The solid golf ball has become popular recently, because it is produced simply and economically by one-piece molding. However, the solid golf ball is inferior to a thread wrapped golf ball in impact resilience, spin property and feeling at hitting.
In order to improve the impact resilience, a zinc salt of an allyl group containing carboxylic acid, particularly zinc methacrylate, as a crosslinking agent has been incorporated into a rubber mixture containing a rubber and additives thereto. However, the salt of the allyl group containing carboxylic acid has a tendency to coagulate and to make agglomerates at kneading with the rubber mixture. Further, the rubber composition containing said salt is liable to stick to a kneading roll and the elimination of the stuck rubber on the kneading roll is very difficult. The agglomerates deteriorate vulcanized rubber properties and the stickiness lowers kneading workability.
In order to improve the above problem, it previously was proposed that zinc oxide be kneaded with a rubber mixture and then methacrylic acid be incorporated into the rubber mixture. However, it is difficult to obtain a rubber composition having desirable properties for the solid golf ball in this manner, because the reaction between the zinc oxide and the methacrylic acid will not be attained completely or uniformly in the rubber and control of the reaction is very difficult. Further, the resultant salt is a half salt (mono methacrylate).
It has been found that when the zinc salt of an allyl group containing carboxylic acid such as zinc methacrylate is microencapsulated with a suitable wall material and the resultant microcapsule is incorporated into the rubber mixture, the above problems such as agglomeration, stickiness and ununiformity of the reaction are dissolved.
The present invention relates to a process for preparing of a solid golf ball which comprises incorporating a microencapsulated zinc salt of an allyl group containing carboxylic acid as a cross linking agent into a rubber with suitable additives to give a rubber composition and molding the rubber composition.

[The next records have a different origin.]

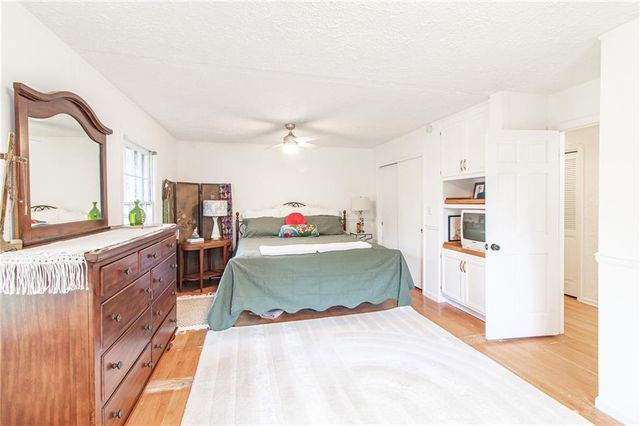 712 NW 10 Street, Blue Springs, MO 64015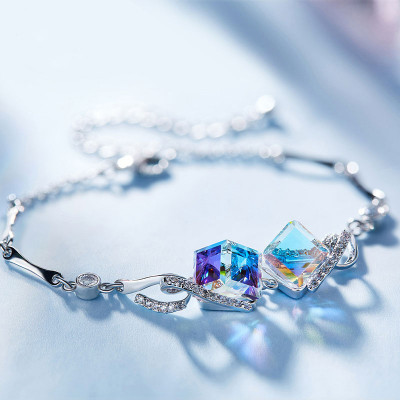 Silver Bracelet Chain With Beautiful Rhinestone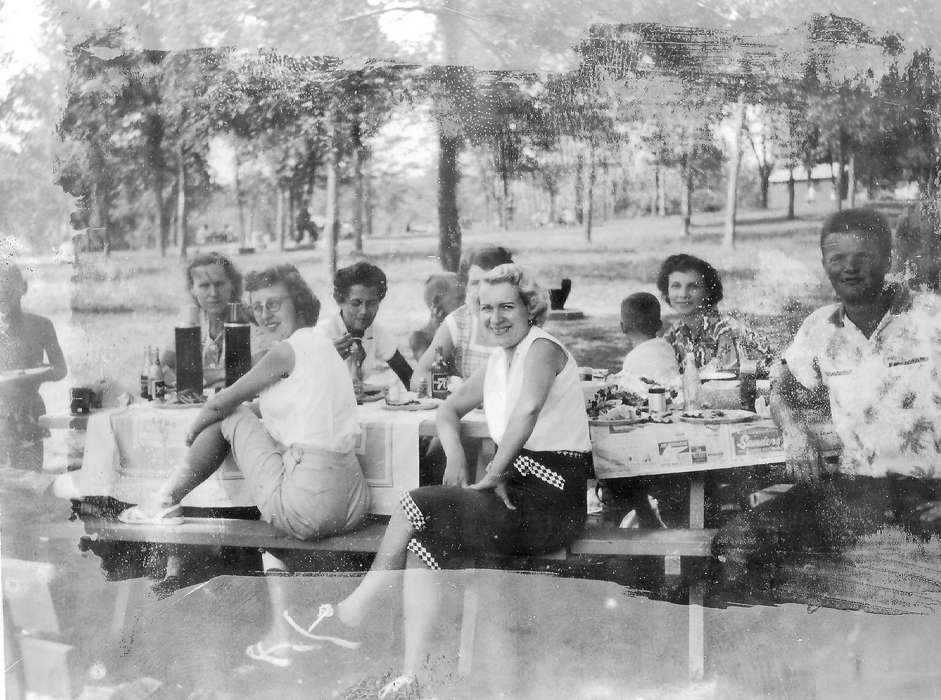 Portraits - Group, Iowa, IA, company picnic, United States, picnic table, Food and Meals, Photos, historic, Families, history, ia, Campopiano Von Klimo, Melinda, picnic, Leisure, Des Moines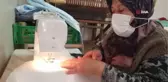 Hem torunları için dikiyorlar hem de aile bütçelerine katkı sağlıyorlar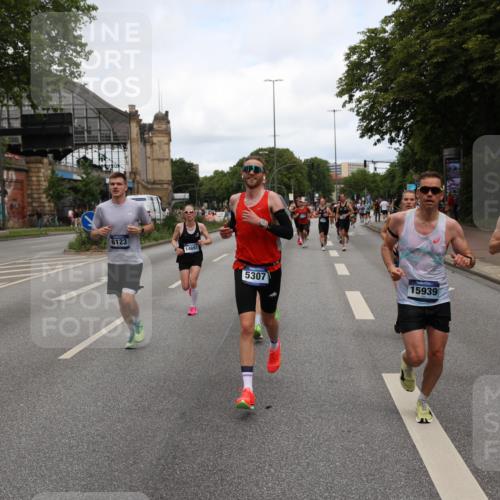 29.06.2025 - hella hamburg halbmarathon Yannick Fuchs http://msf.ph/oto/8200554 29.06.2025 10:31:57 20KM 1290, 2196, 2767, 4860, 4865, 5003, 5042, 5307, 5923, 6047, 6123, 6458, 7310, 8362, 9178, 9914, 10190, 10451, 10738, 12739, 13141, 13372, 13854, 14387, 14459, 14691, 14934, 15178, 15261, 15410, 15939, 16523, 16992, 17125, 17137, 17658, 18159, 18216, 18357, 18384, 18986 meine-sportfotos.de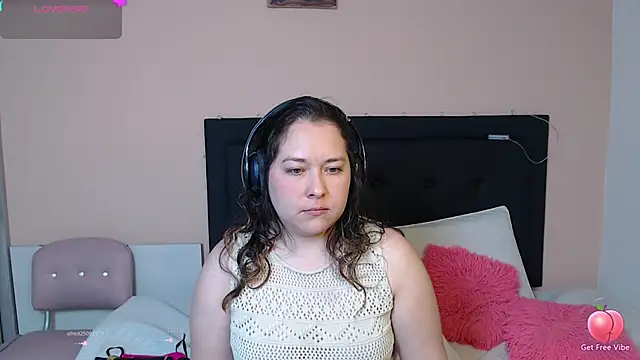 May Carlier online show from 03-17-25, 03:36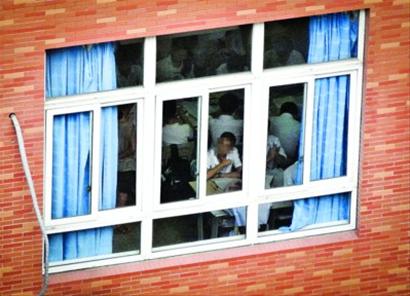 教育局連夜叫停涉事高中暑期補課 培訓機構補課多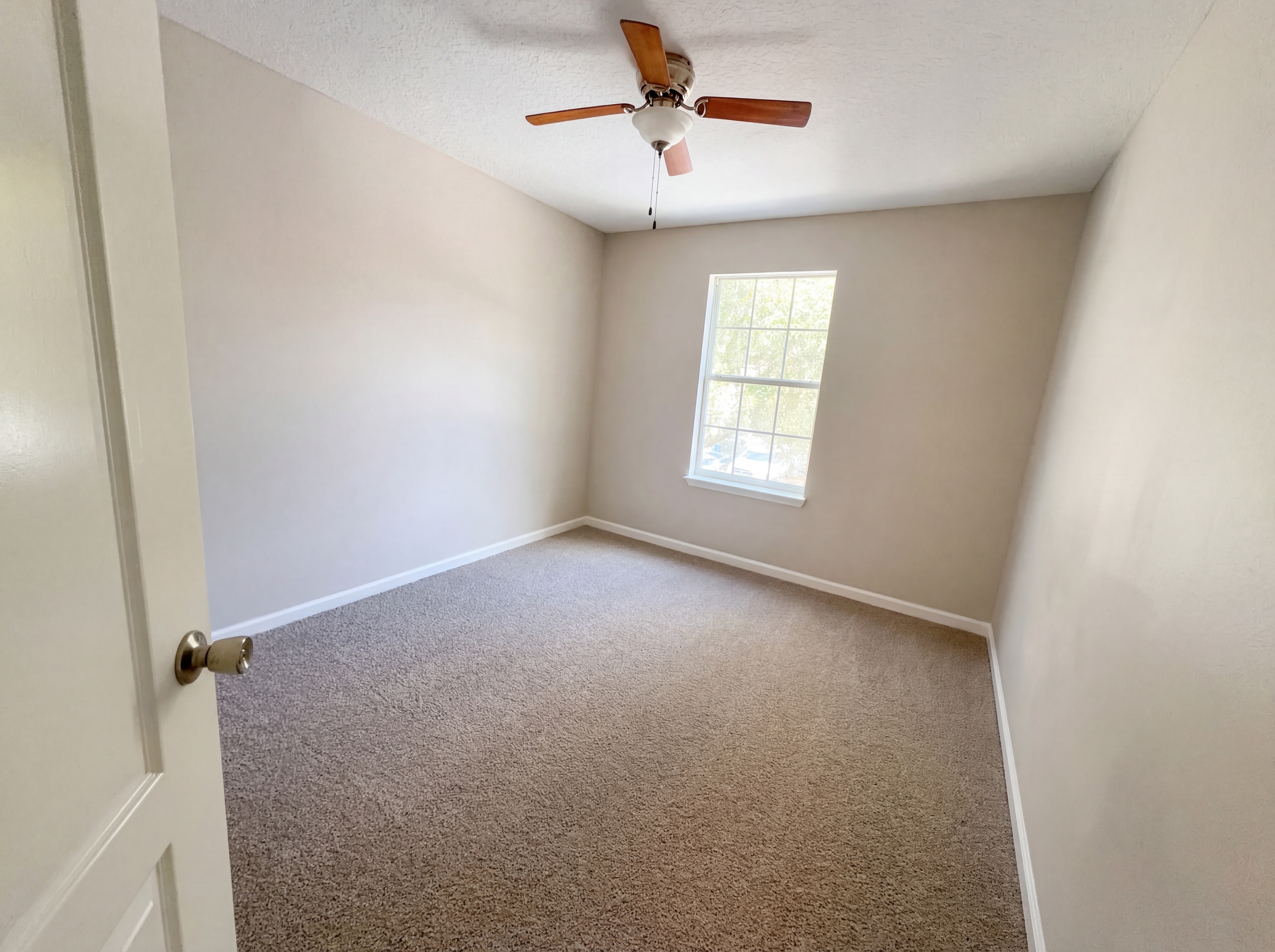 Photo 16 of 20 of 875 Quiet Stone Ln, Orange Park, FL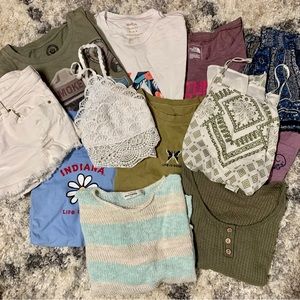 Bundle 12 pieces! Billabong, North Face, Life is Good, Abercrombie, RVCA, Amazon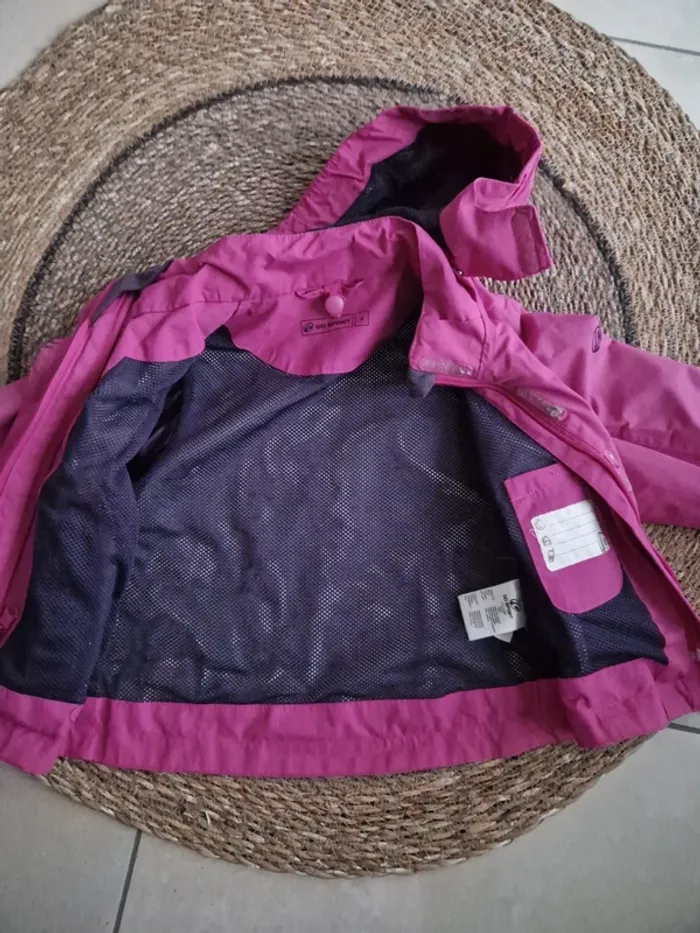 Joli manteau go sport fille taille 4 ans - photo numéro 5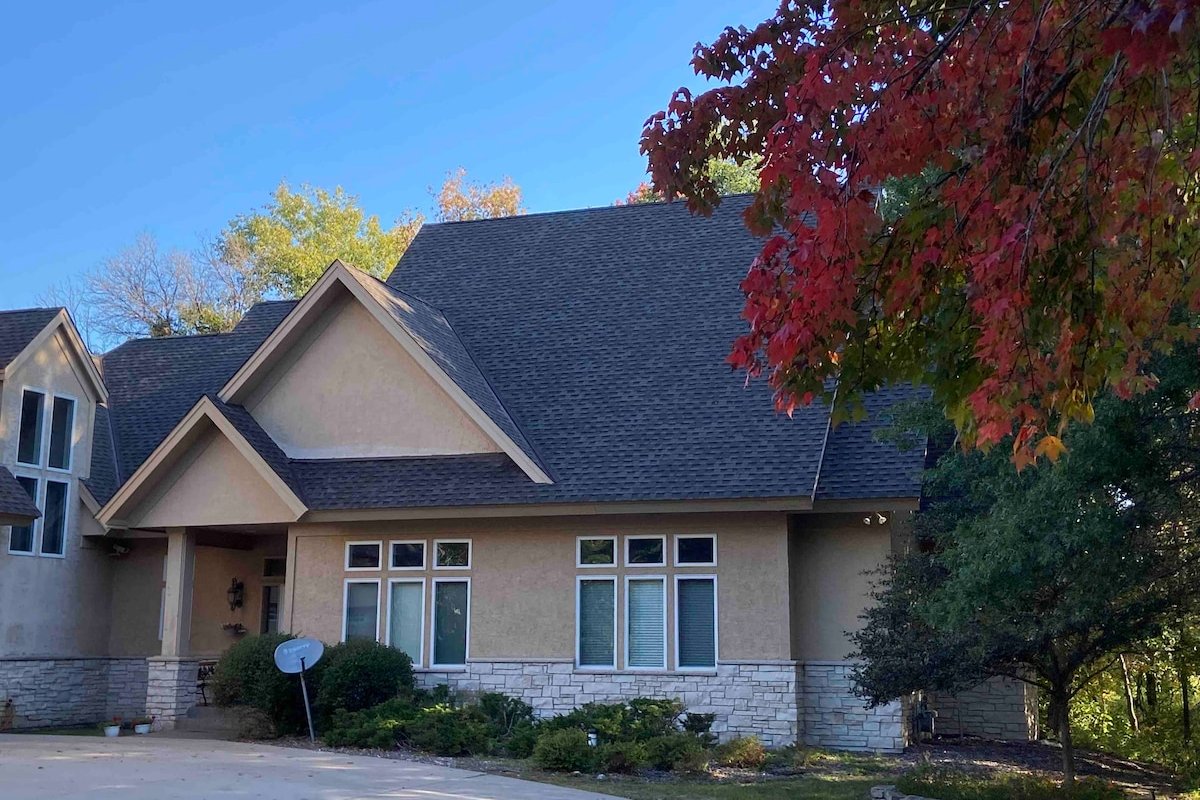 Restful Spa-cious Retreat (11+3) gallery image 3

In the present invention, the zinc salt of an allyl group containing carboxylic acid monomer is a dicarboxylate typically, for example, zinc dimethacrylate, zinc diacrylate, and the like. Zinc dimethacrylate is most preferable. A zinc salt of other allyl group containing carboxylic acids such as the zinc salt of crotonic acid and cinnamic acid may be used together with the zinc dimethacrylate and/or the zinc diacrylate.
The zinc salt of an allyl group containing carboxylic acid may be prepared by reacting the corresponding carboxylic acid with a zinc compound such as zinc oxide, zinc carbonate, basic zinc carbonate and the like.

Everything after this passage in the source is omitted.